A license key authorizes one AlphaAgent Studio deployment to run. You create a key in the Console, copy its one-time License Token into your deployment, and then monitor that deployment's health and usage from the Console. This page covers creating, monitoring, editing, and revoking license keys.

What a license key is

Each license key has two parts:

  • A License ID (aalk_…) — a public identifier, safe to share and reference in support requests.
  • A License Token — the License ID combined with a secret, shown to you once at creation. This is the value your deployment uses to activate and to sign its telemetry.

One license key authorizes one deployment. The key is the unit of your relationship with a running Studio: activation, heartbeats, and usage metering all authenticate against it.

Creating a license key

To create a license key:

  1. Go to License Keys → Create.
  2. Provide a name/description so you can recognize the deployment later.
  3. Confirm. The Console shows the License Token with a copy button.

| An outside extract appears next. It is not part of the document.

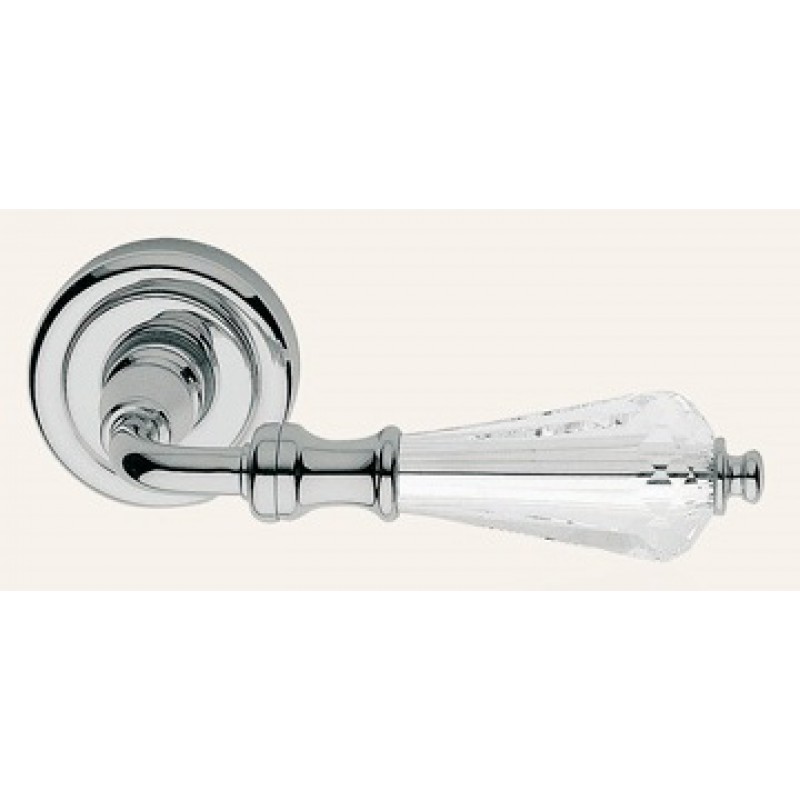 Veronica Cromo Lucido Maniglia per Porta su Rosetta Linea Calì Crystal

[Screenshot: License create screen showing the one-time token]

Copy the License Token now and store it securely. The Console treats it as a one-time reveal — copy it before leaving the screen. You hand this token to your deployment (studioctl accepts it interactively or as the LICENSE_TOKEN environment variable); see Deploy Walkthrough.

A newly created key starts as inactive. It becomes active the first time your deployed Studio activates against the Console.

Monitoring a deployment

Opening a license key shows everything the Console knows about that deployment:

Health and heartbeats

Once active, your Studio sends a signed heartbeat every few minutes. The Console tracks these and shows a health status:

  • Healthy — heartbeats are arriving on schedule.
  • Warning — one or two recent heartbeats were missed.
  • Unhealthy — several heartbeats in a row were missed.

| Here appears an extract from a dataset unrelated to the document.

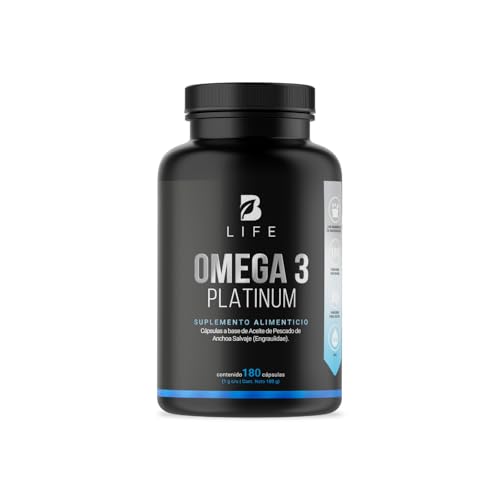 Omega 3 Aceite de Anchoa Salvaje con 180 Cápsulas de 1000 mg. Libre de Metales Pesados. Ingredientes Naturales. Omega 3 Platinum B Life.
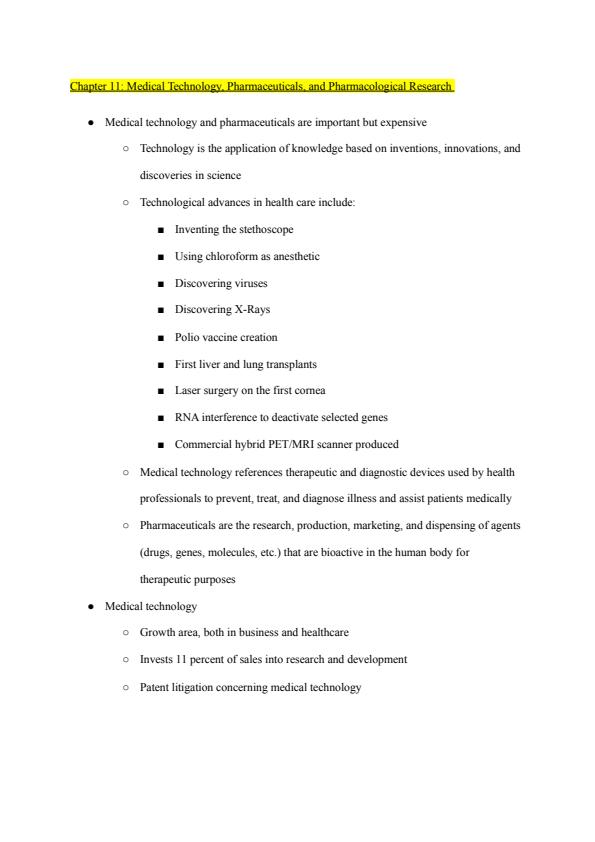 Note Cover for Chapter 11 Medical Technology, Pharmaceuticals, and Pharmacological Research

A heartbeat chart shows the pattern over time, so you can correlate gaps with deployment events. Missed heartbeats reflect connectivity between your Studio and the Console; they do not by themselves disable your license.

[Screenshot: License view with heartbeat health and chart]

Usage charts

A usage chart shows the model consumption that deployment has reported over a window of time. This is the per-license view of usage; the Billing page aggregates usage across all your keys for invoicing.

Audit trail

The license view also shows an audit trail of significant events for the key (created, activated, delinquency changes, revoked), useful for support and compliance.

Downloads

The license view links to available Studio releases so you can download the deployment bundle right where you manage the key. See Downloading Studio.

Editing a license key

You can edit a key's descriptive details from the license view. The License ID never changes.

Revoking a license key

Revoking permanently disables a deployment. From the license view, choose Revoke and confirm.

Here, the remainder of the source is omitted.